-- Items from a data source --
────────────────
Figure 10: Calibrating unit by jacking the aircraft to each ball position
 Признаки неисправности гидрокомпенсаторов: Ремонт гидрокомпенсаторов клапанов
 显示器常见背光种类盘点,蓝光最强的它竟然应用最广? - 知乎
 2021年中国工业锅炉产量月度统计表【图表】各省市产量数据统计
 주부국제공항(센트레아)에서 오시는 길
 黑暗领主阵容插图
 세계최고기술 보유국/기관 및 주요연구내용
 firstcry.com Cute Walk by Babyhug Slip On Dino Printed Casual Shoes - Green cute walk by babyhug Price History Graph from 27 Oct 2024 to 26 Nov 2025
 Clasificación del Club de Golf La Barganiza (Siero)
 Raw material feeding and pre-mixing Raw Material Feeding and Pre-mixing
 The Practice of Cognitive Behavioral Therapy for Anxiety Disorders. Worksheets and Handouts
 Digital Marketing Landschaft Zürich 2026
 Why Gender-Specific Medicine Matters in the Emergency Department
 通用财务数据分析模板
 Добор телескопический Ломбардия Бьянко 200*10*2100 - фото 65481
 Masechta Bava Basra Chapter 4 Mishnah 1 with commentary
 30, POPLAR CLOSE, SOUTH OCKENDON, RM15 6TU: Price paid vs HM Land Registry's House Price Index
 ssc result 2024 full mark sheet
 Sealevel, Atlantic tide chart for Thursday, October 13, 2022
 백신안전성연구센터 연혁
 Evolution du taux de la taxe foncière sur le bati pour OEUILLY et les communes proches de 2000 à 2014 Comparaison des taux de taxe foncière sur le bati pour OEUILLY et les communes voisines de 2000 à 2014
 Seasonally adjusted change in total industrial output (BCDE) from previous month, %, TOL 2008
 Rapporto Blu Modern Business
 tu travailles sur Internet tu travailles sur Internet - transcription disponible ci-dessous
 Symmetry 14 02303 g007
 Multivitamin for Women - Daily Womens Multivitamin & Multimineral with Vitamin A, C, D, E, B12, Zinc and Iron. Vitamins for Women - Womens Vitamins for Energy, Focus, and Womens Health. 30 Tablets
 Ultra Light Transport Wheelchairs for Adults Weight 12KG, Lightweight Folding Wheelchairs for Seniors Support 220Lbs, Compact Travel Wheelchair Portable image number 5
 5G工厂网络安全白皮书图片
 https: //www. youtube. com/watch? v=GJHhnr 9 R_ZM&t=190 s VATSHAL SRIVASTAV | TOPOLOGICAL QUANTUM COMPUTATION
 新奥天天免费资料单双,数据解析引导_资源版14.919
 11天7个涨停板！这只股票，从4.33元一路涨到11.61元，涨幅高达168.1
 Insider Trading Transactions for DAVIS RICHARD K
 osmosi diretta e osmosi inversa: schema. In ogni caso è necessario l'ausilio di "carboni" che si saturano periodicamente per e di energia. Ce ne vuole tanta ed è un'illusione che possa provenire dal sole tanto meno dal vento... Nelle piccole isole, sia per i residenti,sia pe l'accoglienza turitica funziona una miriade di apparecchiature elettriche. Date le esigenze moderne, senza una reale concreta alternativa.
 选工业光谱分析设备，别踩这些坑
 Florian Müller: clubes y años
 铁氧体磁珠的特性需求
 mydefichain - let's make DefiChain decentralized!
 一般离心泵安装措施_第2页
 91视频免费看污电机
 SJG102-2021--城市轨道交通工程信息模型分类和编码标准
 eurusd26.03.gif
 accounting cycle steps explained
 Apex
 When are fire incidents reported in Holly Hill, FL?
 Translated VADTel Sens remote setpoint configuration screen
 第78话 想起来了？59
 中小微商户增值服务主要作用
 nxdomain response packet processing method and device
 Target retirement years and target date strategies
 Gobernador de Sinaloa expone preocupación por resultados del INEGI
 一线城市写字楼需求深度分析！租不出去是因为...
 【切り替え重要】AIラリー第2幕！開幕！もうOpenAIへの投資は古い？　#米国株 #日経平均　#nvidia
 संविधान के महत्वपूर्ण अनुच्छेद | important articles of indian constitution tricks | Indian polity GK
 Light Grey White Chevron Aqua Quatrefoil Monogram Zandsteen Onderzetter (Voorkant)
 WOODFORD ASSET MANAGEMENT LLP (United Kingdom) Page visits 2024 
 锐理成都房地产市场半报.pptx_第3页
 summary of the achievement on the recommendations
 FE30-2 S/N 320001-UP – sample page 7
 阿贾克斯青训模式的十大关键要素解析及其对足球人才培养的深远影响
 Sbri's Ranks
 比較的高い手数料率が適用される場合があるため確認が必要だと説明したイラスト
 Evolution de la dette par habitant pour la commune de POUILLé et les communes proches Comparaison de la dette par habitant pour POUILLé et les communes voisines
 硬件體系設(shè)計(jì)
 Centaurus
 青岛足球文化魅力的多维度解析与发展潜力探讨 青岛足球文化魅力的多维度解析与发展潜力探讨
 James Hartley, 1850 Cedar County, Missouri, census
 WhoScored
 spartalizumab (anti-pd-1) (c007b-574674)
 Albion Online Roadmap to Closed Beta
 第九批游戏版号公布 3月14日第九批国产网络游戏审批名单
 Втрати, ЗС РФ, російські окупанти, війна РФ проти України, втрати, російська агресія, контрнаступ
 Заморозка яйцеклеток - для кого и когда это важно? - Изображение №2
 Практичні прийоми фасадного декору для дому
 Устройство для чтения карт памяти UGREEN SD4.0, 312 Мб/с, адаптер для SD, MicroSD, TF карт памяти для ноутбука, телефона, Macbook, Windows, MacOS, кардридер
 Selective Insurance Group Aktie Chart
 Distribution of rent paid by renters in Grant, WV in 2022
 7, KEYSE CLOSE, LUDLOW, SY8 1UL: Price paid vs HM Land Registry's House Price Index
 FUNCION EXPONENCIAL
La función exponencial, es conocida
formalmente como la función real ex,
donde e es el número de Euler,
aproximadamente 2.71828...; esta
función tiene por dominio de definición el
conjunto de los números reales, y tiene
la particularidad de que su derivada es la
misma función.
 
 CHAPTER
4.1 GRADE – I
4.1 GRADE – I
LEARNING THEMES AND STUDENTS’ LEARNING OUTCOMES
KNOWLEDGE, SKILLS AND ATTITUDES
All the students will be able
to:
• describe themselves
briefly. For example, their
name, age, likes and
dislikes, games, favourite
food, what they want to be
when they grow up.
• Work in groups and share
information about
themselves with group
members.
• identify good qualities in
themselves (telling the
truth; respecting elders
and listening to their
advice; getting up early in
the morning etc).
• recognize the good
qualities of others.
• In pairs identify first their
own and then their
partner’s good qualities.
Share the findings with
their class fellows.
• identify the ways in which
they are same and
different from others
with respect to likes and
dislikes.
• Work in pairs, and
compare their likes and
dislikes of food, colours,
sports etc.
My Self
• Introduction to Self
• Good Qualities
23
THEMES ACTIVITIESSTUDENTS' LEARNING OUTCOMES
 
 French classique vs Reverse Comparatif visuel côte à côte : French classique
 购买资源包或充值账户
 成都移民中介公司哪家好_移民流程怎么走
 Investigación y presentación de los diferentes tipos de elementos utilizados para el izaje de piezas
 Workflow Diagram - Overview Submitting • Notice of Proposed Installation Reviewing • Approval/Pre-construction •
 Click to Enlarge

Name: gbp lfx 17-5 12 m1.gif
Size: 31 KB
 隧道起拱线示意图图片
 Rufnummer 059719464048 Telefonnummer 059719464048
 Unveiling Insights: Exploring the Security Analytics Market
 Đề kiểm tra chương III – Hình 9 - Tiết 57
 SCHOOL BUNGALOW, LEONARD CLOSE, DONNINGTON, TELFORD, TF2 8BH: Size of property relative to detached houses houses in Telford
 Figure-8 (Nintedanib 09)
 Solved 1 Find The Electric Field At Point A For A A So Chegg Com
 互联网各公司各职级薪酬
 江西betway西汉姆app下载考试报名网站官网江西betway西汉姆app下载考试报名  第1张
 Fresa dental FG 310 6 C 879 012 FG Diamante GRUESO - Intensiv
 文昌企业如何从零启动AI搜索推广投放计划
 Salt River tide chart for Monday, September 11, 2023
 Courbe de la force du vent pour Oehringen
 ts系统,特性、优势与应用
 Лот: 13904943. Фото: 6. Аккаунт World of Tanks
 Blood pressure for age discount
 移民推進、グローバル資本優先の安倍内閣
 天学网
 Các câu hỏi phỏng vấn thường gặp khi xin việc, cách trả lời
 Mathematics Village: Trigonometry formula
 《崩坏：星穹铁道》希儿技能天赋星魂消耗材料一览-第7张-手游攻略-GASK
────────────────
-- Task description --
Retype the entries exactly from the first line, stopping after the line with "세계최고기술 보유국/기관 및 주요연구내용".

-- Result of this exercise --
Figure 10: Calibrating unit by jacking the aircraft to each ball position
 Признаки неисправности гидрокомпенсаторов: Ремонт гидрокомпенсаторов клапанов
 显示器常见背光种类盘点,蓝光最强的它竟然应用最广? - 知乎
 2021年中国工业锅炉产量月度统计表【图表】各省市产量数据统计
 주부국제공항(센트레아)에서 오시는 길
 黑暗领主阵容插图
 세계최고기술 보유국/기관 및 주요연구내용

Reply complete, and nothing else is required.